On June 29, 2012, at about 11:20 p.m. Eastern, several corners of the Internet went dark, including Reddit.com, which according to Alexa's engine ranks 61st in Website traffic in the United States.
At the exact same time, power went out for several states in the Atlantic Seaboard, including northern Virginia, where Amazon.com has a large datacenter.
No, it's no coincidence. The sites that the datacenter served up went down, and they went down hard. My colleague, Robin Miller, did a blog post detailing how a few people may have lost their jobs, and that if you kept yours, the word of the week is "failover." 21st Century IT's own Alison Diana posted that using a single Electric Computer Cloud (EC2) instance isn't enough -- companies need to use the availability zone features to manage failure.
That's true -- at least to a point. People who ask Amazon to manage their servers are told, in the fine print, that if a datacenter goes out, their software will go down, unless the company uses the tools Amazon provides to provide high-availability.
And, just like RAID-5, the tools cost more to add redundancy than it would cost to, say, run with a single disk drive.
What people don't talk about is how much.
Consider Netflix, which has an explicit, public strategy
to use those very same availability zone features to prevent downtime.
Except that, according to Forbes, Netflix fell down just as hard as the rest, it just managed to recover in 90 minutes.

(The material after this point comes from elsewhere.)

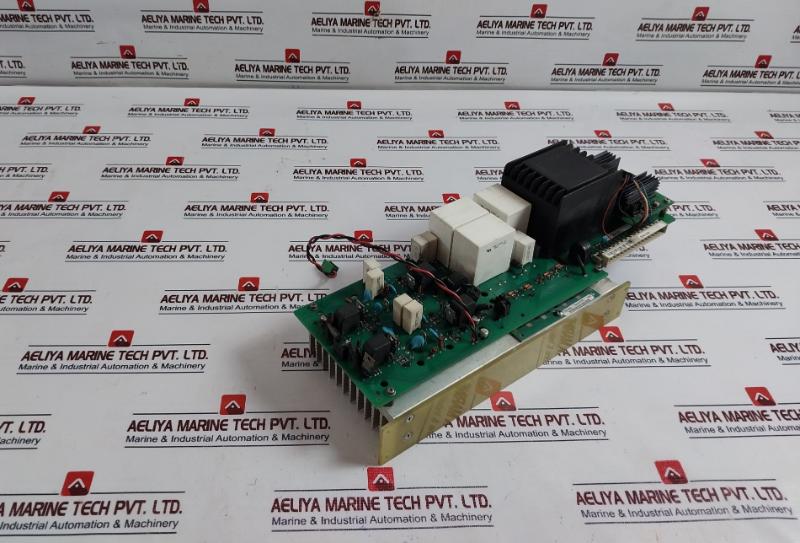 Sidel 1353056 8 Voltage Regulator Power Supply Module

Most other sites were back within two hours.
How much did that extra half hour cost?
To get some insight into the time and energy it takes to develop the infrastructure Netflix has, you might look at their help wanted pages for engineering. Specifically, look at all the job titles with "cloud" or "reliability" in them.
Remember when we thought cloud computing was going to make things easier? This company has 10 open positions to grow the team of programmers working to coordinate its cloud efforts.
That does not mean programmers working on features for the company, designing streaming video, archiving content, or processing payments. No, that is simply building the platform to make cloud computing possible.
And those are just the open slots.
Again, I ask -- remember when we thought cloud computing would make things easier?
It was supposed to be a grid that you plug into to make computing power available like a light bulb, or a television.
It's great that Amazon has some tools to enable remote servers. Even better that we can get pre-configured compute environments. For some Websites that are free to use and advertiser-funded, like Google, Facebook, Twitter, and Reddit, that might just be good enough.
For the rest of us, cloud computing is no free lunch. We'll continue to have work to do.
The grid isn't here yet, at least not as it was originally sold to us. It takes too much work, the standards and compatibility don't exist (try switching from IBM to HP to Amazon) and real high-availability requires redundancy, coordination of servers, and a small army of technical staff.
Still, we continue to get closer bit by bit.
What do you think the next inch will be?